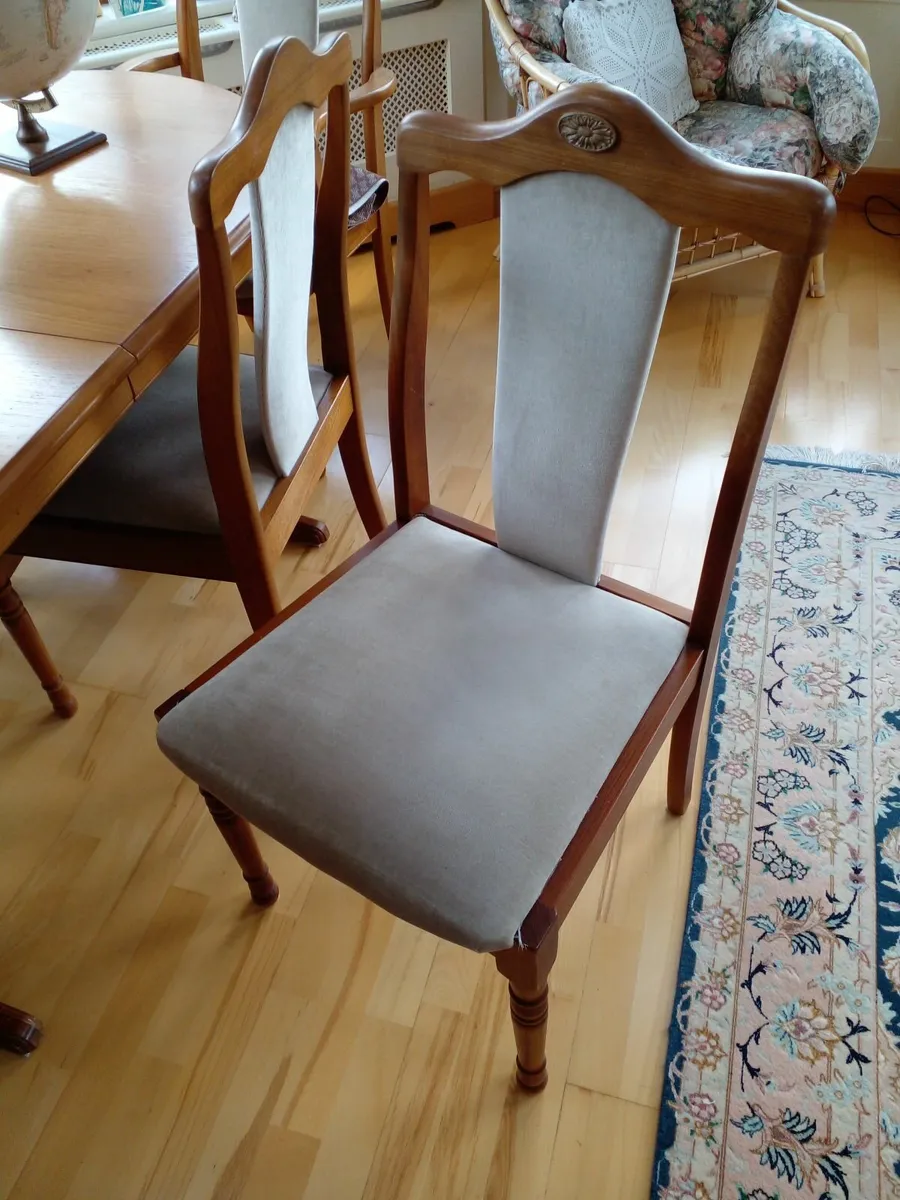 Dining room table/chairs/dresser - Image 4
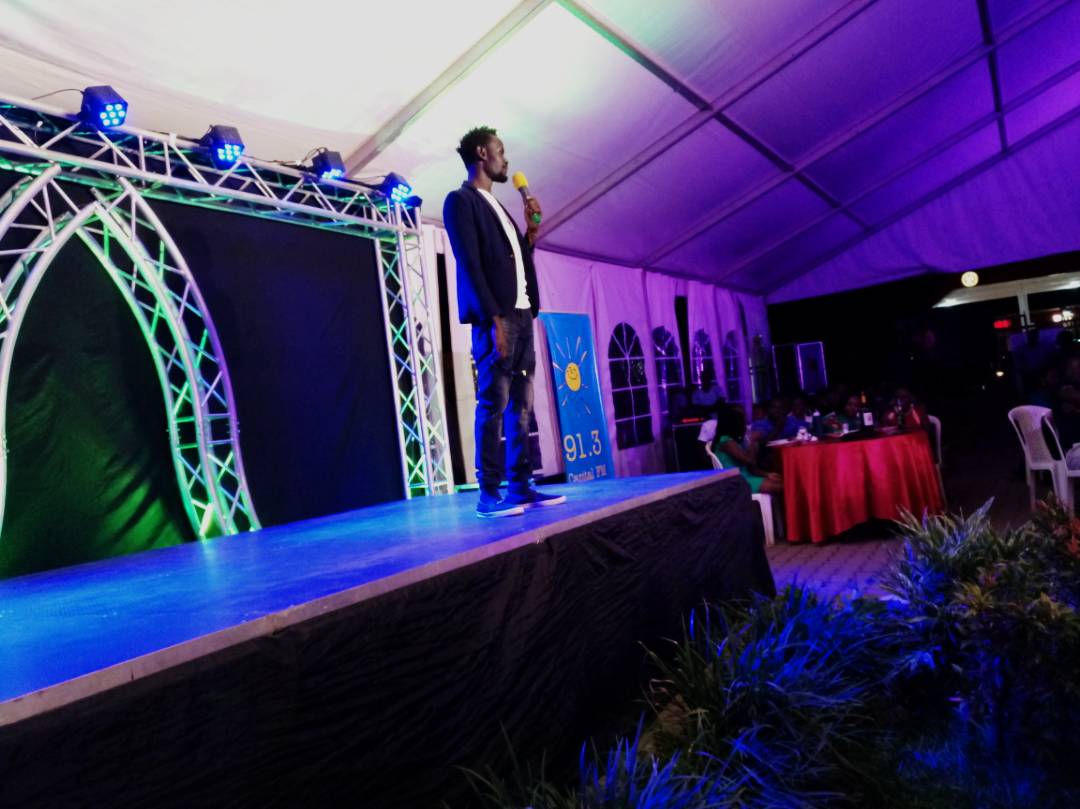 paulwebs1's tweet photo. One time they took "Kawunyemu" to soroti the home of alcohol, the next day they had arrested the whole village, RDC, DPC, OC etc. Emma #DinersComedy https://t.co/xsj0Y9O2BS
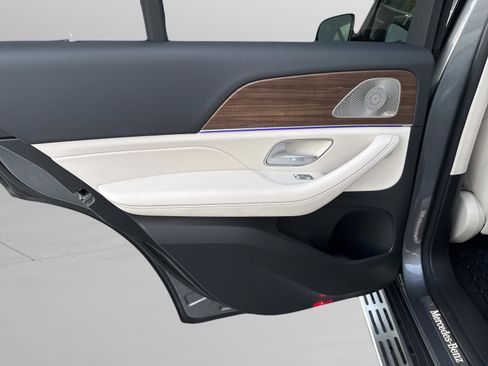 New 2026 Mercedes-Benz GLE 450 4MATIC image 44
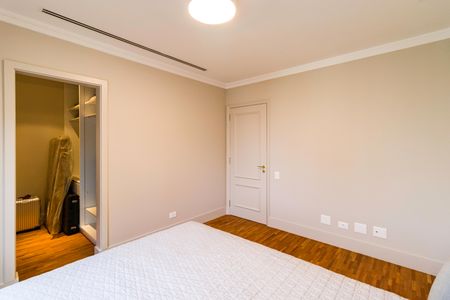 Apartamento à venda com 347m², 4 quartos e 5 vagasSuíte 4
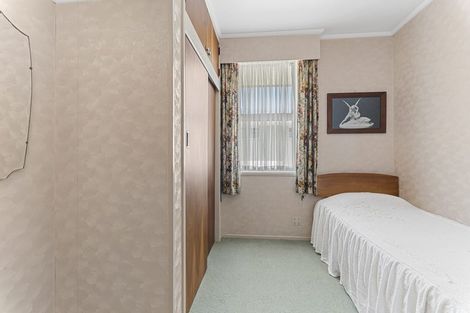 Photo of property in 34 Hamblyn Street, Strandon, New Plymouth, 4312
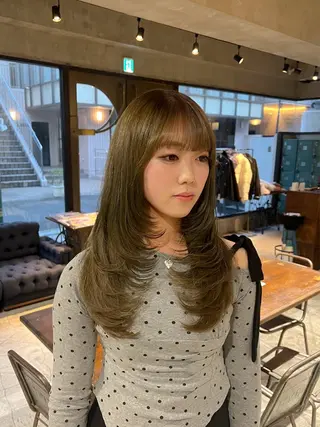 ロング カラー ヘアアレンジ 透明感/艶髪矯正 🪐takushiのヘアスタイル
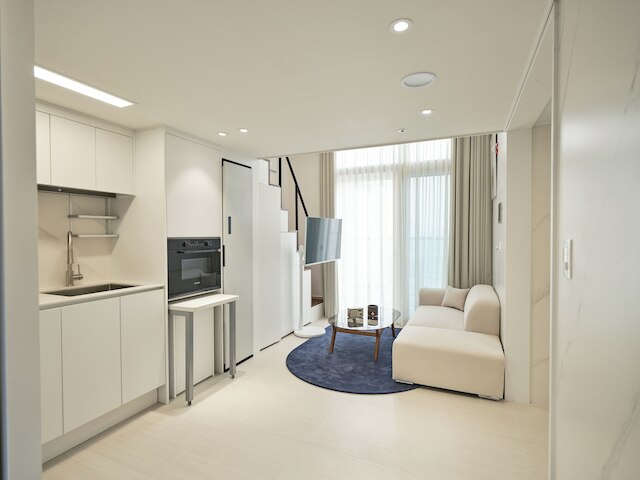 UH FLAT SIGNATURE GANGNAM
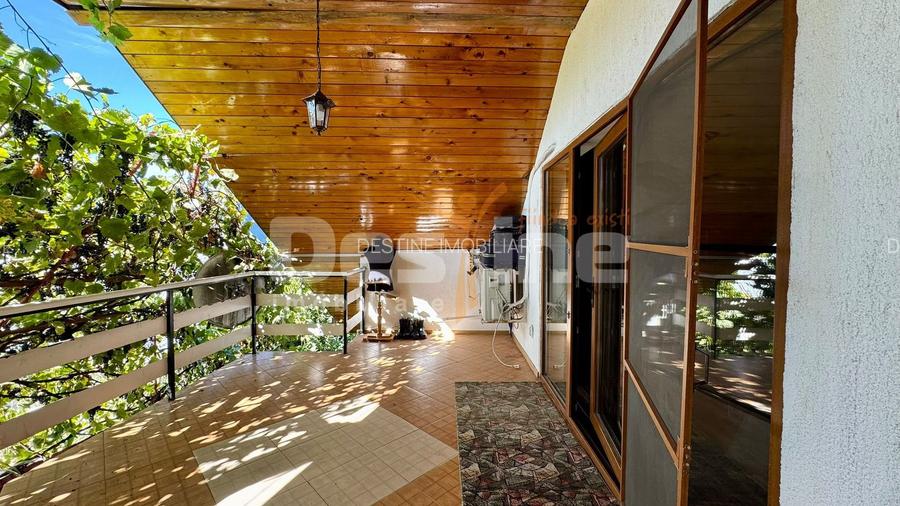 Casa spatioasa cu teren de 800 mp, Muntenii de Jos - 5 camere - 28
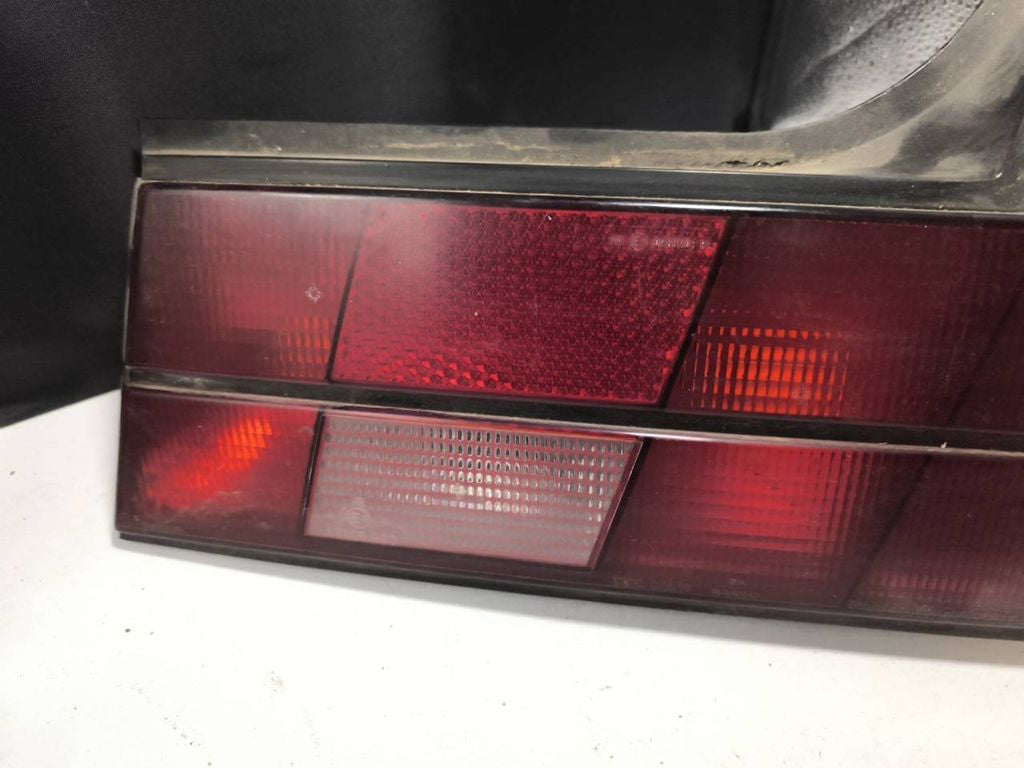 BMW 7 E32 1992 Rear right tail light lamp 1374026R 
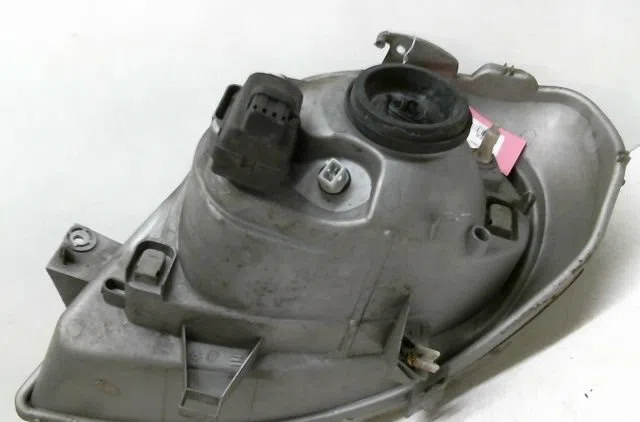 Phare droit Renault TRAFIC II Camionnette (FL) 1.9 dci 100 (fl0c) (2001-2006) occasion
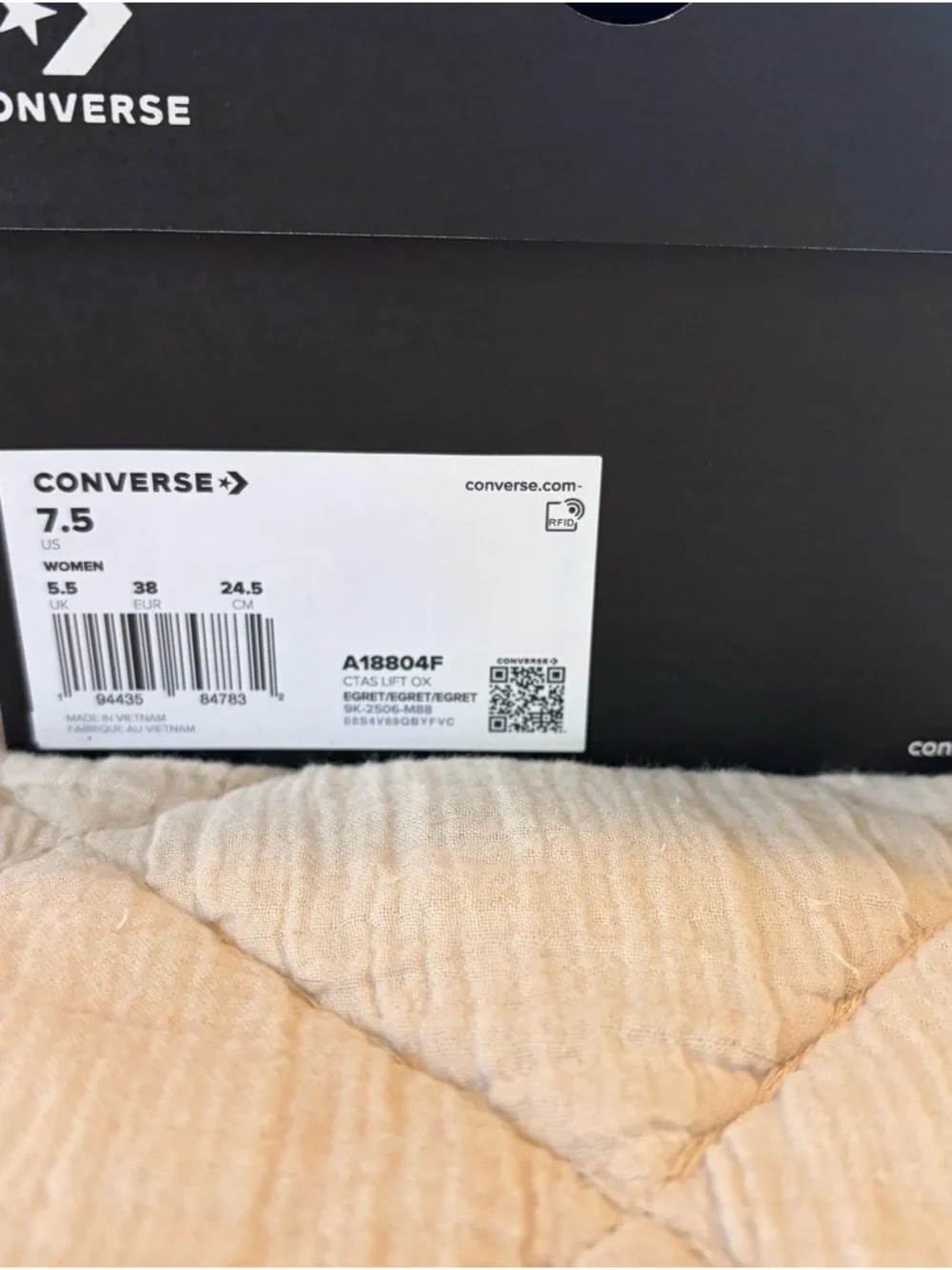 Chuck Taylor Cosmic Elevated Platform Low Top Sneakers 7.5 - Picture 5 of 6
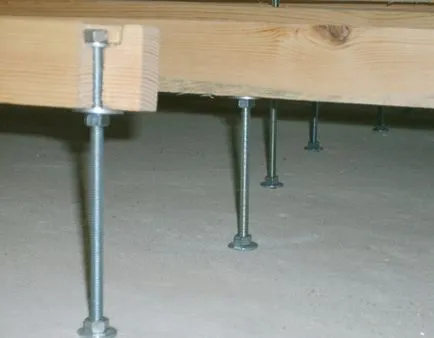 Eltávolítása fa padló nyikorgó, hogy semmisítse meg kinyitása nélkül felület (nyitó) Kiküszöbölése squeaking parketta megszabadulni tőle anélkül, hogy elszakadna a felületet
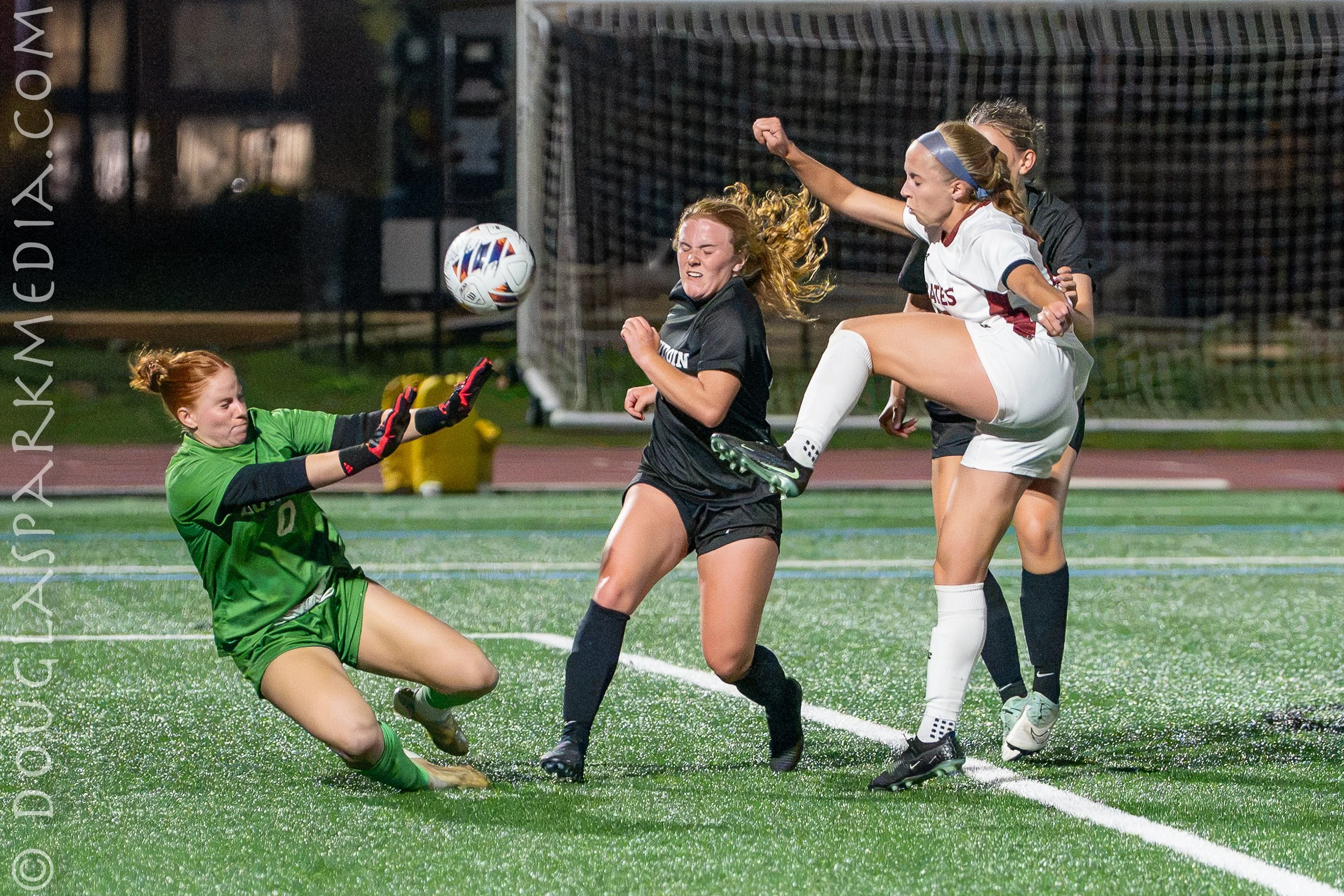 260929_Women_Soccer_Bowdoin (8 of 15).jpg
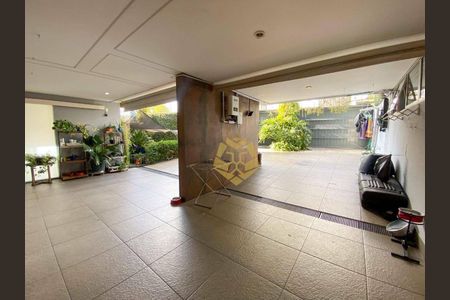 4_photo/94dce39455.60978ffcad3ca4e7-ATLAS-a1d08735-3c07-4ea0-8141-514b2d1b6551.jpg de casa à venda com 3 quartos, 350m² em Centro, Curitiba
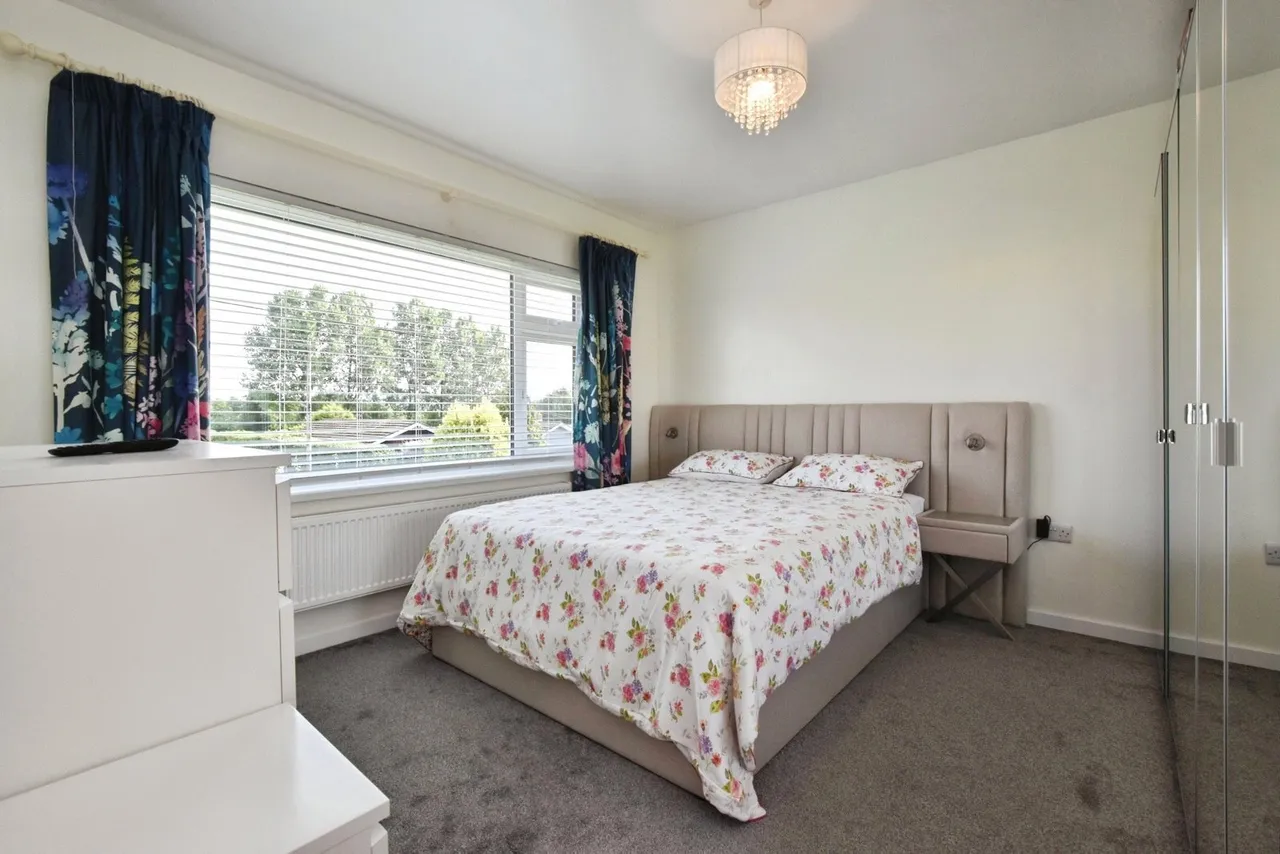 Hendre Road, Tycroes, SA18, photo 13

ABOUT THIS EXERCISE
Exactly reproduce the lines above, starting at the one that contains "ロング カラー ヘアアレンジ 透明感/艶髪矯正 🪐takushiのヘアスタイル" and ending at the one that contains "Chuck Taylor Cosmic", both inclusive; leave the pictures out and add no other lines.

TASK SOLUTION
 ロング カラー ヘアアレンジ 透明感/艶髪矯正 🪐takushiのヘアスタイル
 UH FLAT SIGNATURE GANGNAM
 Casa spatioasa cu teren de 800 mp, Muntenii de Jos - 5 camere - 28
 BMW 7 E32 1992 Rear right tail light lamp 1374026R 
 Phare droit Renault TRAFIC II Camionnette (FL) 1.9 dci 100 (fl0c) (2001-2006) occasion
 Chuck Taylor Cosmic Elevated Platform Low Top Sneakers 7.5 - Picture 5 of 6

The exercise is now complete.